6. This subject has come already before this Court, though there is apparently no considered decision of a bench hitherto. In Kanakaraju v. Achutaramanaraju : AIR1940Mad432 , there is a very brief judgment of one of us, adopting the view which we have just adumbrated though it ideals with another point which does not arise here. In Narayanaswami Naidu v. Rajamanickam Pillai : AIR1940Mad419 , Horwill, J., has taken the same view even with reference to a compromise decree. We are not now concerned with compromise decrees, which may possibly be affected by different considerations. But it is to be noted that the learned Judge definitely regards the debt incurred before the 1st October, 1932, as the original liability which has ripened into the decree and does not treat, the decree itself as the starting point. Other cases have been quoted before us in which this view has been tacitly assumed to be correct without any argument or consideration of the point involved. Vide Anandam v. Muthukumaraswami : AIR1940Mad52 and the decision of the bench in Perianna v. Sellappa : AIR1939Mad186 .

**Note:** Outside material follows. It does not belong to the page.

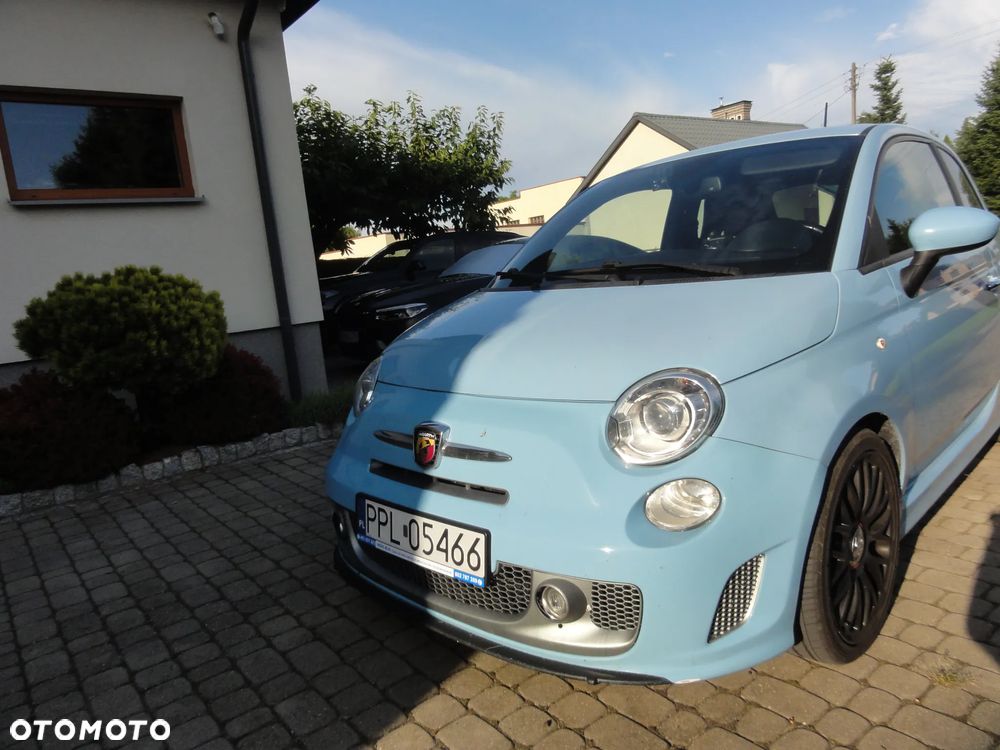 Fiat 500 1.4 16V T-Jet Abarth 595 Tourismo - 2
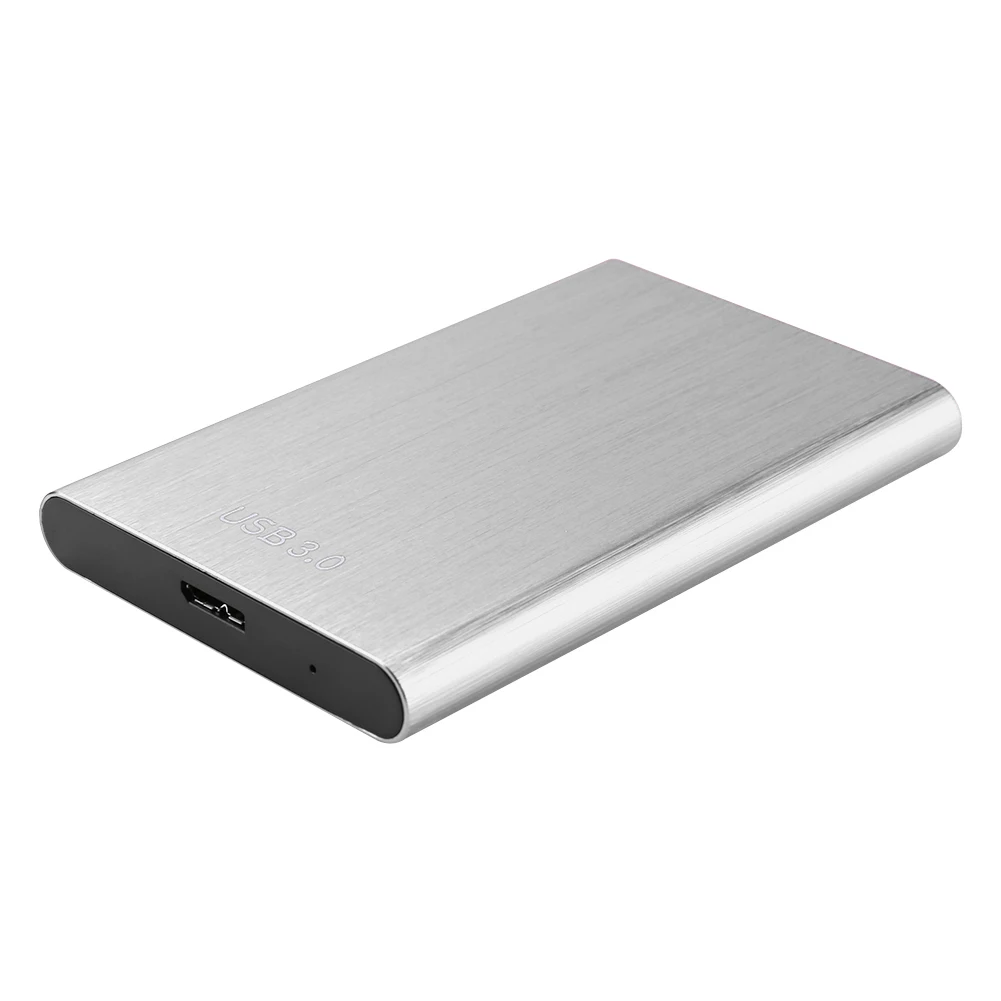 Алюминий 2 5 дюймов SATA III для USB 3 0 Гбит/с внешний корпус жесткого диска жесткий диск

7. Unfortunately the respondent in the present case is not represented. But we have to express our gratitude to Mr. D. Narasaraju who has given us the benefit of his argument for the respondent as amicus curiae, he having gone into the subject with reference to another case posted for hearing by us in which a similar question arises. The only authority which he has been able to cite on behalf of the respondent is contained in a mere observation of Venkataramana Rao, J., in Sreenivasachariar v. Krishniah Chetty : AIR1940Mad485 , where the learned Judge merely remarks that there is a good deal of force in the contention that when the decree has been passed after the 1st October, 1932, it is governed by Section 9 of the Act. He gives, however, no decision to this effect and the matter does not appear to have been argued at length before the learned Judge. We are clearly of opinion that when there is a debt incurred before the 1st October, 1932, which has ripened into a decree after the 1st October, 1932, the scaling down must be governed by Section 8 and not by Section 9.

8. We therefore allow the petition and remit the matter to the lower Court with a direction to scale down the debt in accordance with this decision. The petitioner is entitled to costs.